FILE - United Auto Workers members hold picket signs near a General Motors Assembly Plant in Delta Township, Mich., Sept. 29, 2023. As the auto workers strike approaches the one-month mark, more Americans sympathize with the striking workers than with the three big car companies that employ them. That's one of the findings in a new poll from The Associated Press-NORC Center for Public Affairs Research. (AP Photo/Paul Sancya)

Another 5,000 members of the United Auto Workers (UAW) union walked off the job at a General Motors assembly plant in Texas on Tuesday, as the union expanded its strike against the three major automakers for a second day in a row.

The latest walkout was announced shortly after General Motors reported third-quarter earnings of $3.5 billion, the union said in a press release.
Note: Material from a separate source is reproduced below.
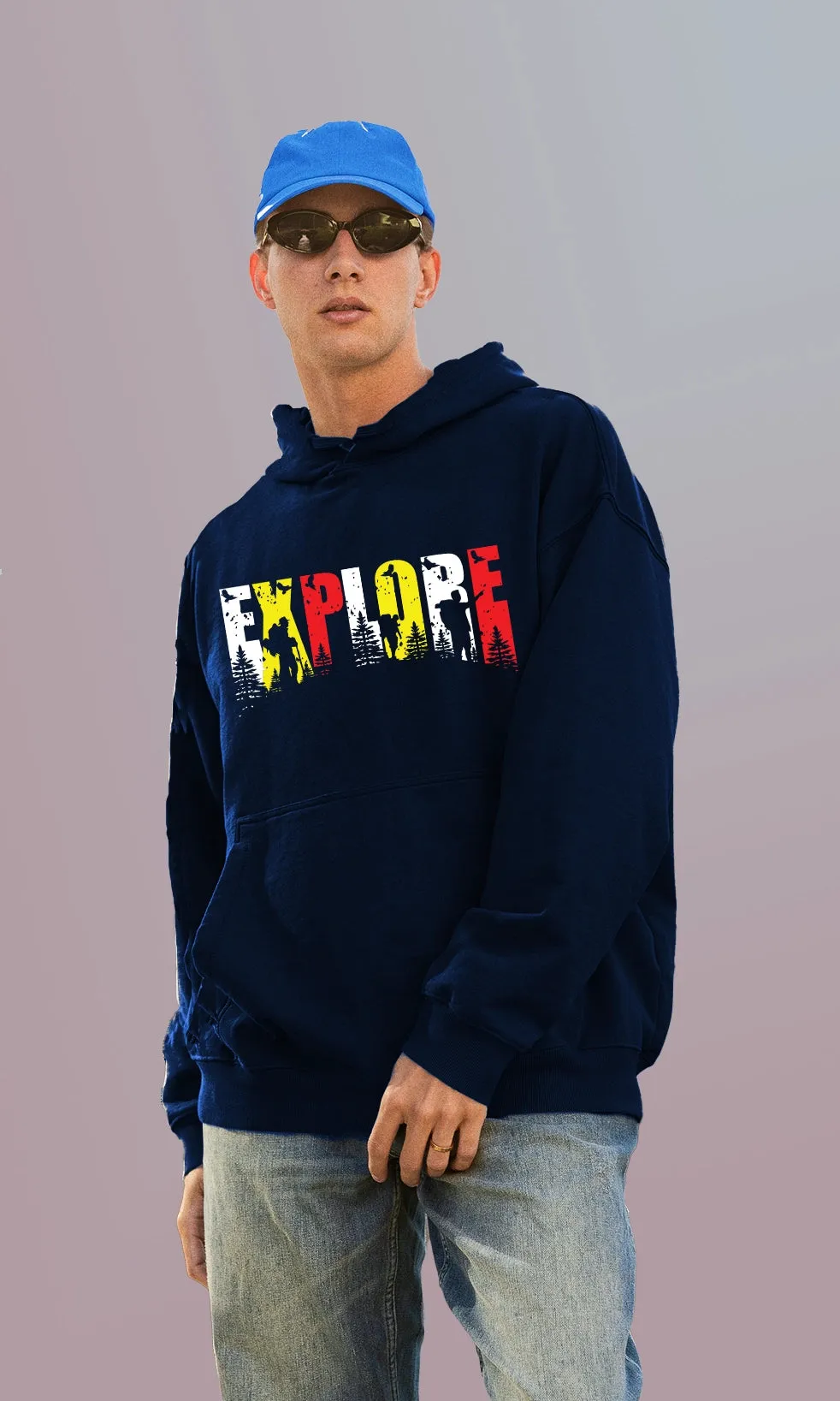 Mebadass Men's Printed Oversized Hoodie - Explore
“Another record quarter, another record year,” UAW President Shawn Fain said in a statement. “As we’ve said for months: record profits equal record contracts. It’s time GM workers, and the whole working class, get their fair share.”

The surprise expansion of the strike is the second unannounced walkout by the UAW in two days, after the union called on 6,800 workers at a Stellantis plant in suburban Detroit to join the strike Monday. 

The UAW had previously announced where and when it would expand the strike during livestreamed updates on Fridays. However, the union has since warned it is prepared to call for walkouts “at any time,” launching its first surprise strike against a Ford truck plant in Kentucky earlier this month.

More than 45,000 autoworkers total are now on strike. The UAW first launched the strike nearly six weeks ago, after failing to reach an agreement with General Motors, Stellantis and Ford before its contract expired Sept. 14.